## SageMaker Inference Recommender - XGBoost

### 1. Introduction
SageMaker Inference Recommender is a new capability of SageMaker that reduces the time required to get machine learning (ML) models in production by automating load tests and optimizing model performance across instance types. You can use Inference Recommender to select a real-time inference endpoint that delivers the best performance at the lowest cost.

Get started with Inference Recommender on SageMaker in minutes while selecting an instance and get an optimized endpoint configuration in hours, eliminating weeks of manual testing and tuning time.

### 2. Setup
Note that we are using the conda_python3 kernel in SageMaker Notebook Instances. This is running Python 3.6. If you'd like to use the same setup, in the AWS Management Console, go to the Amazon SageMaker console.
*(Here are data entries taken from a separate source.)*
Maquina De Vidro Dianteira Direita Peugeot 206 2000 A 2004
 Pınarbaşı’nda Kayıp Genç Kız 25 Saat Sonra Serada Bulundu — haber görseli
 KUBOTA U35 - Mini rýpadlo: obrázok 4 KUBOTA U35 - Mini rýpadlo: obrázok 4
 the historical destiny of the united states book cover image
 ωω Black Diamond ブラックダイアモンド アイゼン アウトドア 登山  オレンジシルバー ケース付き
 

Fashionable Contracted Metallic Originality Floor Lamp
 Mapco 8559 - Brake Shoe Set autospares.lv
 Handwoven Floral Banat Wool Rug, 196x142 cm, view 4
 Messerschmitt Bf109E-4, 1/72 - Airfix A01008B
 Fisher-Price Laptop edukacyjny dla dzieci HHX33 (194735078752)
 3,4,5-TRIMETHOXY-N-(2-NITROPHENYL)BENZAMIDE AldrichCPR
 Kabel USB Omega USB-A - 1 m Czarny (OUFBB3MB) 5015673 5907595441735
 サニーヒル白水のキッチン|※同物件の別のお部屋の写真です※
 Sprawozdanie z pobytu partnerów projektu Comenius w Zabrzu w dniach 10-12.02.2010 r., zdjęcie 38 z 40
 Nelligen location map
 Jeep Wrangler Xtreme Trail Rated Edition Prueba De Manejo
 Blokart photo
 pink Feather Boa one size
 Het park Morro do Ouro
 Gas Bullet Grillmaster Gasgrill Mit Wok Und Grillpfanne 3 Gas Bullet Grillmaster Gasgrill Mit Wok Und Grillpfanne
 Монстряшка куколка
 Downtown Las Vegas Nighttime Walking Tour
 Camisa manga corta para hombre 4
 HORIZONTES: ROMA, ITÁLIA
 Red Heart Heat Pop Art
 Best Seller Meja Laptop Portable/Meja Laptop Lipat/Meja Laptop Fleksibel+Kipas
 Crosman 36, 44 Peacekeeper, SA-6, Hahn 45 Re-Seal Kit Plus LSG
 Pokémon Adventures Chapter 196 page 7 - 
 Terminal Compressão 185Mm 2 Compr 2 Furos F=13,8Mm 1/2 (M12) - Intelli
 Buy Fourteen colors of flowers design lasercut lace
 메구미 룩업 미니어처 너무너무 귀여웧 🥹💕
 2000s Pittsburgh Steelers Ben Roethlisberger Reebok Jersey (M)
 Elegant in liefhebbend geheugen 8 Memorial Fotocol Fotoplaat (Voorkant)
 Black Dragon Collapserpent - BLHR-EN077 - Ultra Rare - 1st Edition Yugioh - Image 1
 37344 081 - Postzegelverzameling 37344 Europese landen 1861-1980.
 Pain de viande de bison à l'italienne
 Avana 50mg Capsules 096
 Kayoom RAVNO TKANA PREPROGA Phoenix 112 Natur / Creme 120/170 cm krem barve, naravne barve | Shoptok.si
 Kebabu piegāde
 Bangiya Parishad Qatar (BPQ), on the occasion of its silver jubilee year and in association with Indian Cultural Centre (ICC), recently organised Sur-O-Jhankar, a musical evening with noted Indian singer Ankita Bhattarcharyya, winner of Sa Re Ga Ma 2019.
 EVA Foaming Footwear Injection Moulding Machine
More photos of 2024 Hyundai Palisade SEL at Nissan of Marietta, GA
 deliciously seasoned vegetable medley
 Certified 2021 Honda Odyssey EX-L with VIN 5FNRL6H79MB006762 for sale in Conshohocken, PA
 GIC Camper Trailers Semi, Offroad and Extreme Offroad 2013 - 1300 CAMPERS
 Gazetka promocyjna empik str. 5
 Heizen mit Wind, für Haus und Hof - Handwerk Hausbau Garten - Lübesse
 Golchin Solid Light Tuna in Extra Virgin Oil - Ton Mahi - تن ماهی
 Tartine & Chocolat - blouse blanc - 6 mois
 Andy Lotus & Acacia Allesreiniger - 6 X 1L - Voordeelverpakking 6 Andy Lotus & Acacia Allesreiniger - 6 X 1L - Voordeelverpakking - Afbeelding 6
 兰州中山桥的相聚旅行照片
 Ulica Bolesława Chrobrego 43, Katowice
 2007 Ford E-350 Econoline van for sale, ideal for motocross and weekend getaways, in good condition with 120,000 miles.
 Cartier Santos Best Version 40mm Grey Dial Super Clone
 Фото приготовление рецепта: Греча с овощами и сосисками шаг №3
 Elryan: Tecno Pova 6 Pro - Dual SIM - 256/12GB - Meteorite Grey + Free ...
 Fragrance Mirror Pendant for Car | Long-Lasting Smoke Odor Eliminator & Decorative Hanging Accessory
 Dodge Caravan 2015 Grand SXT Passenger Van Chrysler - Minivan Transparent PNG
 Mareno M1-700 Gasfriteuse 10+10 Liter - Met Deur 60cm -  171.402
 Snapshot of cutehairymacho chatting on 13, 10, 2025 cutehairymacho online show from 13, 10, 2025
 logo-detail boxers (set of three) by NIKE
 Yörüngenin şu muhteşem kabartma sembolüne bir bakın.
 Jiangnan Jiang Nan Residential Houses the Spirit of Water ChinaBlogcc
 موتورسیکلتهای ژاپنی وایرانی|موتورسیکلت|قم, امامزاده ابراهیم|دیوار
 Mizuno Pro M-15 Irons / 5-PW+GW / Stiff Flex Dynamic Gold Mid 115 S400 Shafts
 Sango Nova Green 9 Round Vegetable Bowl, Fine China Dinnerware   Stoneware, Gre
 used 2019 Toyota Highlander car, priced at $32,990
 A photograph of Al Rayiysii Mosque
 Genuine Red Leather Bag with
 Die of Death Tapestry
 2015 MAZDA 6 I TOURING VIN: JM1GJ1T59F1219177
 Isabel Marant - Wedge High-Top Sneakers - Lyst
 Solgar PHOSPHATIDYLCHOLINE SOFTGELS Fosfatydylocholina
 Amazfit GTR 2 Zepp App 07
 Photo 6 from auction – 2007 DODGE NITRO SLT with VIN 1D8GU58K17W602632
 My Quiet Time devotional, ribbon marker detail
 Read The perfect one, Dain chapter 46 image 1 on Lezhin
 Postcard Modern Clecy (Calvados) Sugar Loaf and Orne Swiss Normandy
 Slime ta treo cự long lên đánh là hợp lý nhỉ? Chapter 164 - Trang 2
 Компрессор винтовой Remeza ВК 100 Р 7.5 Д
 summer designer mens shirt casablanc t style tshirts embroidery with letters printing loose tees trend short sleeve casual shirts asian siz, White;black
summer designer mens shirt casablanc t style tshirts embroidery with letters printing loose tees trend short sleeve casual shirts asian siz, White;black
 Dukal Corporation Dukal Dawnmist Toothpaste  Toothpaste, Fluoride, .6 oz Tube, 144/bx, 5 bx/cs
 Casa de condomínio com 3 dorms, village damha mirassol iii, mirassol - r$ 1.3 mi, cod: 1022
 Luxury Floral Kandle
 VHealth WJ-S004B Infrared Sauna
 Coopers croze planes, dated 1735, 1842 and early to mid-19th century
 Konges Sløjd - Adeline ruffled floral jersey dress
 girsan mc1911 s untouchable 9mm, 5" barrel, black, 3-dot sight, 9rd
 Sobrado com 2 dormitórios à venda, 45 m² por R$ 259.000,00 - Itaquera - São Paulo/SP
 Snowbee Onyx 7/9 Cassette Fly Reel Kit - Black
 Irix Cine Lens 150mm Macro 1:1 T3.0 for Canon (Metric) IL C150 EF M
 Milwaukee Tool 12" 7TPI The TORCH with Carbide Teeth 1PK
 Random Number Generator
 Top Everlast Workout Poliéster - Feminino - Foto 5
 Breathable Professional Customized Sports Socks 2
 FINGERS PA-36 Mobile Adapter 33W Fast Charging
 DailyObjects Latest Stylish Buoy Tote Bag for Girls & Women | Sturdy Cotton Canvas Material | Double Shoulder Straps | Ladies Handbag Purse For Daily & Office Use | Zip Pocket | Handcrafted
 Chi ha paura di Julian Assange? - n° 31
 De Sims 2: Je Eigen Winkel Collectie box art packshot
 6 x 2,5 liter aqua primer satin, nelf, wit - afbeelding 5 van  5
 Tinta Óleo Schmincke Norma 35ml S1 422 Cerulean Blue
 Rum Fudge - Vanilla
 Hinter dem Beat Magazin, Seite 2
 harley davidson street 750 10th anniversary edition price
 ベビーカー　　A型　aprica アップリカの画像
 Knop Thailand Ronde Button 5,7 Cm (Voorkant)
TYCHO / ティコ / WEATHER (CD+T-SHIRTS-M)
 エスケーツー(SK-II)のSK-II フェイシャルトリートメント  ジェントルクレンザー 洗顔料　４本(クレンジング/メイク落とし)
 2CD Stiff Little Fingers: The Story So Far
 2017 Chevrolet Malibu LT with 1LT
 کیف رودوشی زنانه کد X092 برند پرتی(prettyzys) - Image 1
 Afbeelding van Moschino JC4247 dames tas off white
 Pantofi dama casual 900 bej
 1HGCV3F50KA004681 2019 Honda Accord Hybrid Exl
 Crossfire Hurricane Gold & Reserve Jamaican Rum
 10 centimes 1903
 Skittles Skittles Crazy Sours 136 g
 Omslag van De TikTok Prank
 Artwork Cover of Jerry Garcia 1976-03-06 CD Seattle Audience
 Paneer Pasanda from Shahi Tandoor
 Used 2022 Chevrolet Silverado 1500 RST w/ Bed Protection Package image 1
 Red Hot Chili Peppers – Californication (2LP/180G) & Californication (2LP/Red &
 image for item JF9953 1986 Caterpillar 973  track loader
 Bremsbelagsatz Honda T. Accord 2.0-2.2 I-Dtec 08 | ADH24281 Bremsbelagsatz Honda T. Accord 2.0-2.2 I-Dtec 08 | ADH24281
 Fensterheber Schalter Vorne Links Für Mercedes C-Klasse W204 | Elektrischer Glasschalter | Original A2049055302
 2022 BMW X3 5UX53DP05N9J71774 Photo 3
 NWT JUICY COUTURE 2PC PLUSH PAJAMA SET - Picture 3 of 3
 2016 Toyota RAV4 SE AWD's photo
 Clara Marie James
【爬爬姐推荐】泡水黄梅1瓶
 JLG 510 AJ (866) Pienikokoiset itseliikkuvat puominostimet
Choose Notebook Instances, and click create a new notebook instance. Upload the current notebook and set the kernel. You can also run this in SageMaker Studio Notebooks with the Python 3 (Data Science) kernel.

In the next steps, you'll import standard methods and libraries as well as set variables that will be used in this notebook. The get_execution_role function retrieves the AWS Identity and Access Management (IAM) role you created at the time of creating your notebook instance. 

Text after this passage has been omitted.